Less than three weeks ago, a careless driver, making a left-hand turn, slammed into my car, smashing into the driver’s door. My wife was driving and I was the passenger. Understandably, my wife was rattled by the accident. Quickly assessing the situation, I found my wife was safe, so I calmly stepped out of the car and was pleased to learn the man who hit us was an East Indian Sikh, wearing a red turban. I was pleased because I expect religious people to be honest.
My conjecture was correct for he immediately apologized and assumed full responsibility. True, I suffered lost time and a lot of inconvenience, but accidents do happen and any inconvenience is a small price to pay for the gift of life. By accepting the trouble, I was able to go on living without any loss of happiness.
Most of our problems, however, are not caused by accidents or ‘acts of God.’ No, there is no one to blame other than the person who greets us in the mirror. As the 26th President of the United States said, “If you could kick the person in the pants responsible for most of your trouble, you wouldn’t sit for a month.” (Theodore Roosevelt, 1858~1919) It’s bad enough that we create our own problems, but then some go on to acquiesce, shrug their shoulders and say, “Well, I guess that’s the way it’s meant to be.” But be careful of what you settle for, for that is what you’ll get. Why settle for less when you can settle for more? Why settle for trouble when you can settle for solutions?
What is the solution to eliminating self-sabotage? It begins by understanding why we do it. Here’s a synopsis of our problem and solution:
1. We are driven by desire. We do, get, and become what we WANT.
2. The glitch is we usually have two conflicting wants at the same time, one rational and one emotional. For example, Tom WANTS to do well in school, which is rational and involves some effort. But he also WANTS to party with his friends every night, which is emotional and pleasurable.
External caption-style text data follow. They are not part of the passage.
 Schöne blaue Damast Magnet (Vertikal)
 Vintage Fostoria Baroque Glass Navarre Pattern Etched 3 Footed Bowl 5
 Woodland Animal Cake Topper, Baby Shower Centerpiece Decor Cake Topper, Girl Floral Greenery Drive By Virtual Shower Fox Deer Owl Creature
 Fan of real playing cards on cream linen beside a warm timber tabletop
If he parties every night, he won’t have time to study and won’t do well at school, so there is a conflict.
3. The primitive part of our brain seeks pleasure and avoids pain, and it interprets effort as painful.
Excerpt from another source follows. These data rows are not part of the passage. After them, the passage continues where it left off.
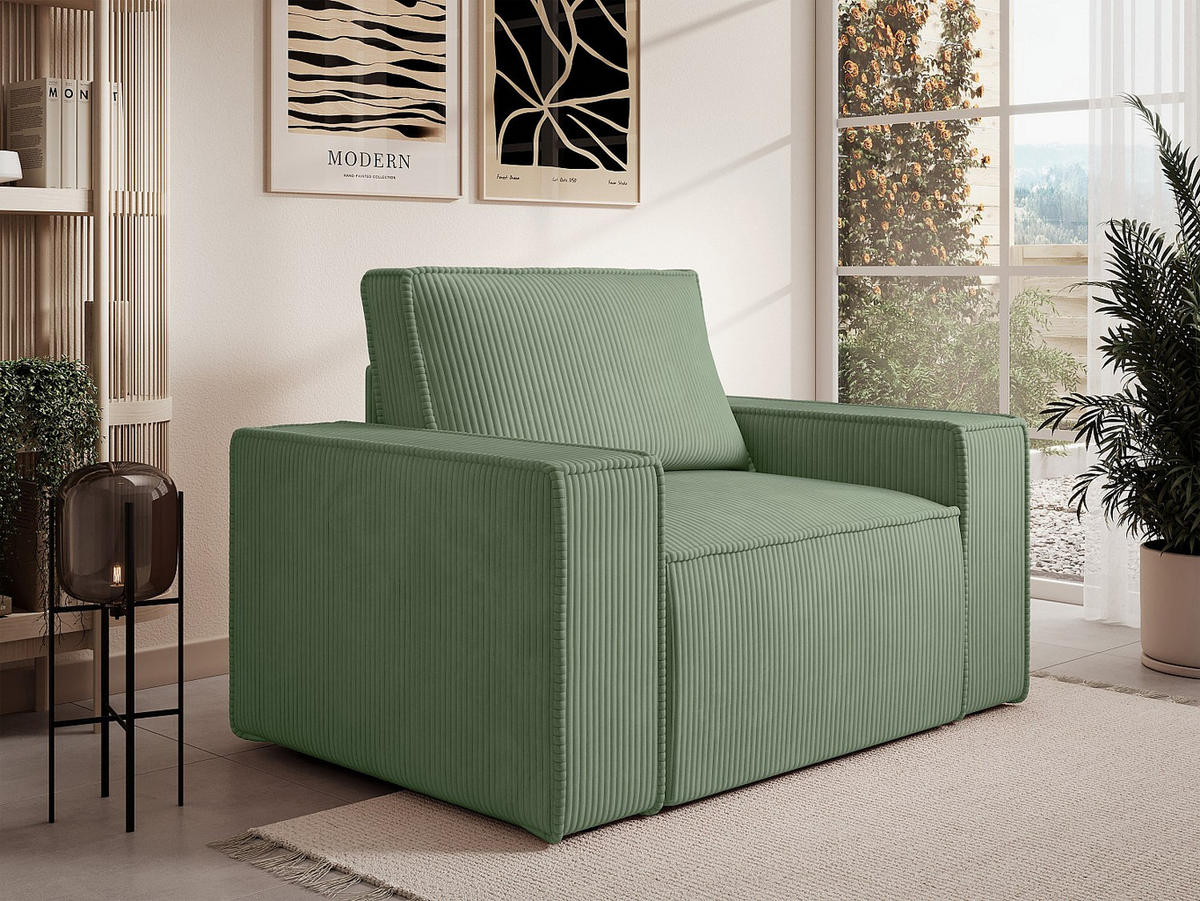 SESSEL mit gerader Rückenlehne - 1 Person - samt - mandelgrün Amelia - Grün, Textil (120/85/86cm) - Vente-Unique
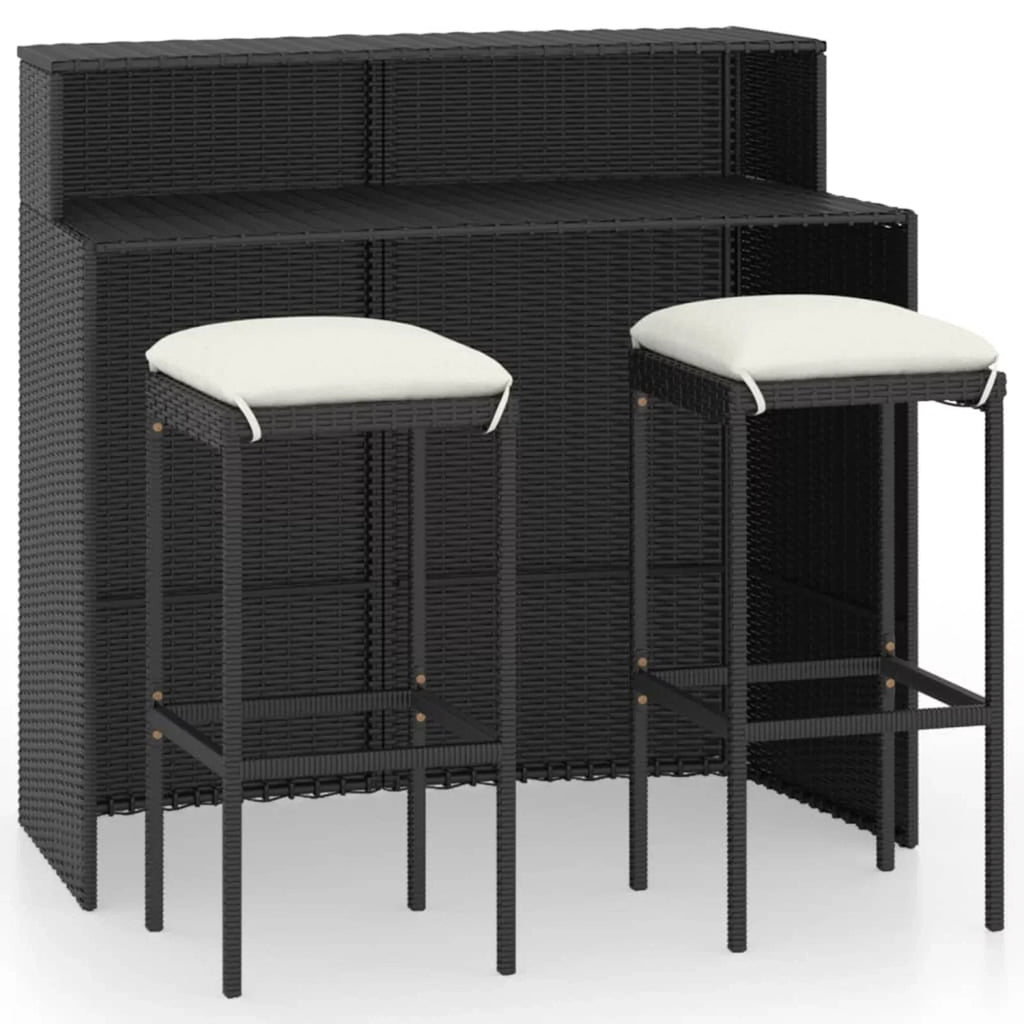 Dcenta 3 Piece Garden Bar Set Table with Storage Shelf and 2 Cushioned Stool Chairs  Dining Set Black Poly Rattan for Bistro, Pub, Backyard, Terrace, Patio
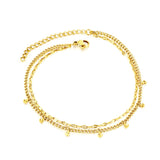 ASON Trendy Anchor Accessories Multi-layer Link Chains Anklets Gold Color Stainless Steel For Women Girl Foot Jewelry Party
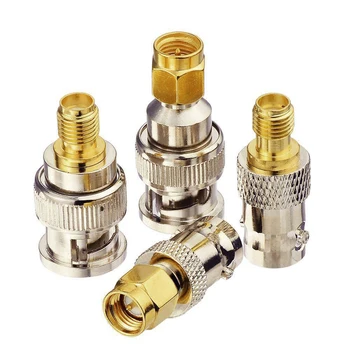 

BNC To SMA Connector Four-Piece SMA To BNC Four Adapter RF Connector Straight Test Converter Kit Set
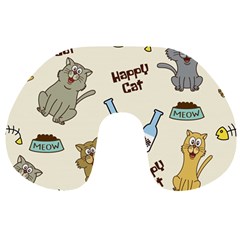 Happy Cats Pattern Background Travel Neck Pillow by Vaneshart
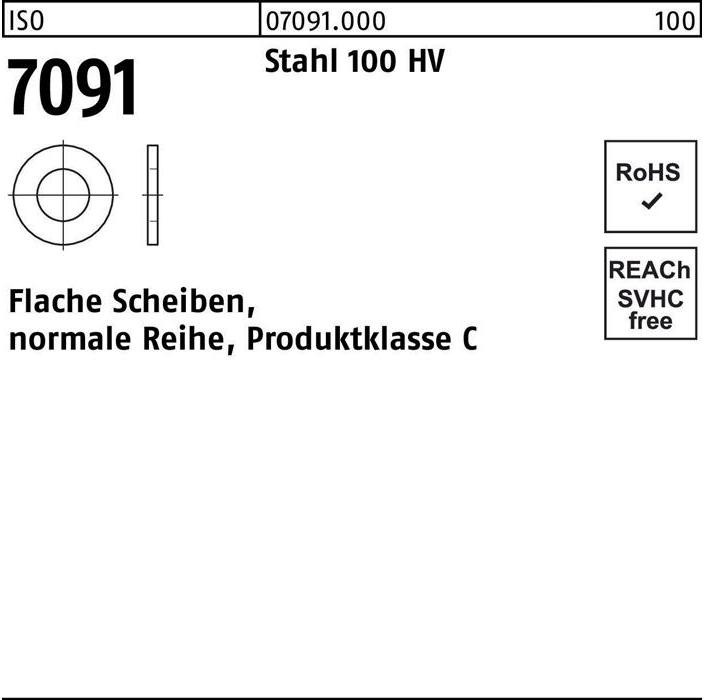 Produktbild Unterlegscheibe ISO 7091 10 Stahl 100 HV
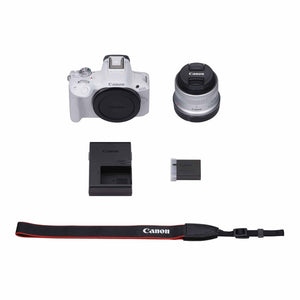 Canon EOS R50 Mirrorless Vlogging Camera White w/RF-S18-45mm F4.5-6.3 is STM Lens, 24.2 MP, 4K Video, Subject Detection & Tracking, Compact, Smartphone Connection, Content Creator Canon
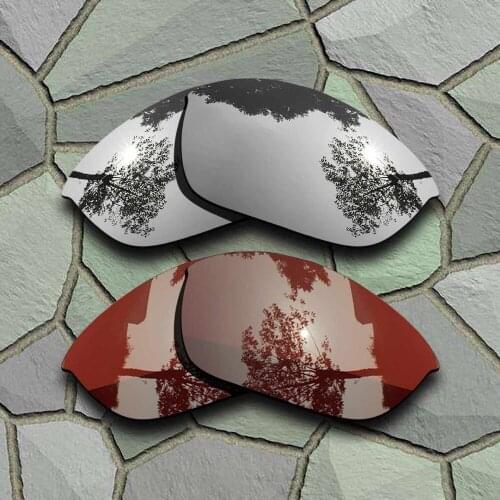 Chrome&Bronze Brown Sunglasses Polarized Replacement Lenses for Oakley Half Jacket 2.0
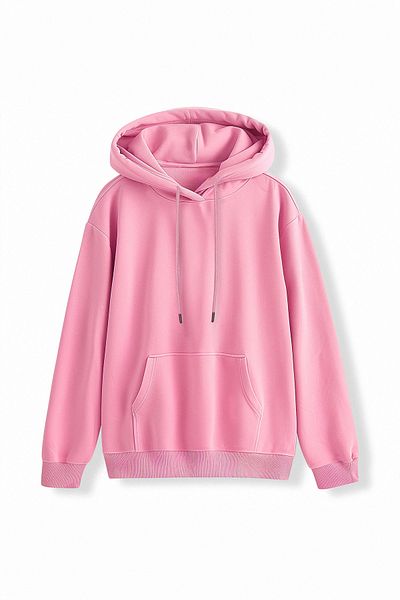 Trendyol Collection Světle růžová tlustá fleecová oversize pletená mikina s kapucí Twoaw24Sw00103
4. We spend most of our time on auto pilot, acting automatically, not consciously making choices. For instance, Tom’s friend asks him if he would like to join him tonight at a wild party. Even though it is the night before an important exam, Tom automatically replies, “Sure, let’s go!”
5. To overcome our problems, we need to remain conscious, decide to act in our best interest, and have the self-discipline to follow through on our decisions. But because we act on auto pilot most of the time, by default we do what is easy and pleasurable rather than what is best for us.
6. To change our path, we first have to admit we have a problem.
7. Once we have done that, we need to train ourselves to act consciously. Learn to become aware of your emotions. They are what drive us to act. Whenever you feel like doing something, let that serve as a red light, a signal to stop and ask yourself, “Is what I am feeling a rational or emotional desire? Will it serve my best interest or will it work against me?”
8. After recognizing the two conflicting wants, and deciding to do what is best for you, you will feel resistance. That is normal; don’t give in to it!
9. As you perform these steps over and over, they become habitual and much easier to carry out. The reward will be an exuberant, trouble-free life.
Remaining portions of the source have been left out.